Thoreau fit son épique expérience d’autosuffisance sur les rives du Lac Walden à Condor, au Massachussetts, à une trentaine de kilomètres seulement de Boston durant deux années, de 1845 à 1847. C’est là qu’il développa ses idées explosives de désobéissance civile qui devaient tant marquer Gandhi, Martin Luther King et encore bien d’autres.

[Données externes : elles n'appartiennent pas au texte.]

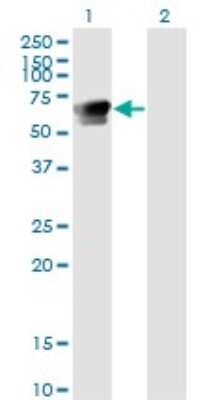 Western Blot: GRB7 Antibody (3C12) [H00002886-M03]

« Je suis parti dans les bois parce que je désirais vivre de manière réfléchie, affronter seulement les faits essentiels de la vie, voir si je ne pouvais pas apprendre ce qu’elle avait à m’enseigner, et non pas découvrir à l’heure de ma mort que je n’avais pas vécu. Je ne désirais pas vivre ce qui n’était pas une vie, car la vie est très précieuse, je ne désirais pas davantage cultiver la résignation, à moins que ce ne fût absolument nécessaire. Je désirais vivre à fond, sucer toute la moelle de la vie, vivre avec tant de résolution spartiate que tout ce qui n’était pas la vie serait mis en déroute… »
EXTRAITS
Économie
« La plupart des hommes, même dans ce pays relativement libre, par simples ignorance et erreur, sont si obnubilés de soucis illusoires et des durs travaux de la vie qu’ils ne parviennent pas à en cueillir les plus beaux fruits… Il n’a pas le temps d’être autre chose qu’une machine. »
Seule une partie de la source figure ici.